[[ Data supplied open ]]
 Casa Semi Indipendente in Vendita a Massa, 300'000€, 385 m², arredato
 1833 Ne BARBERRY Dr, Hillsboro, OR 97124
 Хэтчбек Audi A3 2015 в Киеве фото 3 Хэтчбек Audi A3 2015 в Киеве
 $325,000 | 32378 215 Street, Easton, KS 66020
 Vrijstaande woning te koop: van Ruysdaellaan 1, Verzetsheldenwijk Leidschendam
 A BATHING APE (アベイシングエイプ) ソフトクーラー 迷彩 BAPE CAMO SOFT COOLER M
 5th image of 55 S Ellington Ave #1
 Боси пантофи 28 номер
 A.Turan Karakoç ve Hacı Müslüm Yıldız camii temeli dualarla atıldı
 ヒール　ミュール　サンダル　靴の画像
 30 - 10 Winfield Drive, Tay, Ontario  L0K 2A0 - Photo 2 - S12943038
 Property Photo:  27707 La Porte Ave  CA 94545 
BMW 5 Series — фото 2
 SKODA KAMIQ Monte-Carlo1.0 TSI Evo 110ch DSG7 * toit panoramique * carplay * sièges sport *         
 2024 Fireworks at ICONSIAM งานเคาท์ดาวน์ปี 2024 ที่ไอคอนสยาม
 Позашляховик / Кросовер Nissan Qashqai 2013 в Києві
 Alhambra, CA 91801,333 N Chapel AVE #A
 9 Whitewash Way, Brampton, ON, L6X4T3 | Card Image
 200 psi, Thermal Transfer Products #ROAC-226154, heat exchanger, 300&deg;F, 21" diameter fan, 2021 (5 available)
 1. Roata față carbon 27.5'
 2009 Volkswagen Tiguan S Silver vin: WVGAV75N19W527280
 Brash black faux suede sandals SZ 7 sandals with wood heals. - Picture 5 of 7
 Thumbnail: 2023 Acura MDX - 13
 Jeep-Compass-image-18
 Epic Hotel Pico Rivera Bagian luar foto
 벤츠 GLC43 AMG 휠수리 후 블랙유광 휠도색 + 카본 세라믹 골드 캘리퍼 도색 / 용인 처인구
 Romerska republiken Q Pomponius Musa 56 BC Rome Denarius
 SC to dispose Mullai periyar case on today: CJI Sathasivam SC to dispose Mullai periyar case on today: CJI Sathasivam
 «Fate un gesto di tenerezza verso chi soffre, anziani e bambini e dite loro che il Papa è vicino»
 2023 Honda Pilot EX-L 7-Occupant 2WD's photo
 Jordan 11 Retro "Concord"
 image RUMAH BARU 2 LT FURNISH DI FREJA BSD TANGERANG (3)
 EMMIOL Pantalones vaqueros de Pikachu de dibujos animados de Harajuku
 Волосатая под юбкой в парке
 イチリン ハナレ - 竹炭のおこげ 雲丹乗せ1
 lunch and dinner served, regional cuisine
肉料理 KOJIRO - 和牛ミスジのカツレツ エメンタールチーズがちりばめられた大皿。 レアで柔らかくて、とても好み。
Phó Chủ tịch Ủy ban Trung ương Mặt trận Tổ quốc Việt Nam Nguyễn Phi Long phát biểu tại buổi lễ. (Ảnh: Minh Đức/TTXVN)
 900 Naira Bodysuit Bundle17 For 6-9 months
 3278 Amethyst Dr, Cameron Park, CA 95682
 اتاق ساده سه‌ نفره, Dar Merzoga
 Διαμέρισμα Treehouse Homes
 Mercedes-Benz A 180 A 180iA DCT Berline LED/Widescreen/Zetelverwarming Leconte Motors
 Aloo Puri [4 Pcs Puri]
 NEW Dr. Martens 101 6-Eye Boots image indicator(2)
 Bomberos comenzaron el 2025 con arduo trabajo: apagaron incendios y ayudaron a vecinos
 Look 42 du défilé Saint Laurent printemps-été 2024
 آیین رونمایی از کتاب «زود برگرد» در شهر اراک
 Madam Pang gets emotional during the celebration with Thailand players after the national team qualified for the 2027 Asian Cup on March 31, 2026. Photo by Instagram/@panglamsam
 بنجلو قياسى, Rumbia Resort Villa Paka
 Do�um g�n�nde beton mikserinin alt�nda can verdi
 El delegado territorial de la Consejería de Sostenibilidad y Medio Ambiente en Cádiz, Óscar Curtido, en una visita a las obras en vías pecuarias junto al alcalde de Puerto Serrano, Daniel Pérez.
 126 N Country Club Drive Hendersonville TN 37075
[[ Data supplied closed ]]
The problem
Go through the listing above and pull out each line containing the word "with".

Answer section
 Brash black faux suede sandals SZ 7 sandals with wood heals. - Picture 5 of 7
 Madam Pang gets emotional during the celebration with Thailand players after the national team qualified for the 2027 Asian Cup on March 31, 2026. Photo by Instagram/@panglamsam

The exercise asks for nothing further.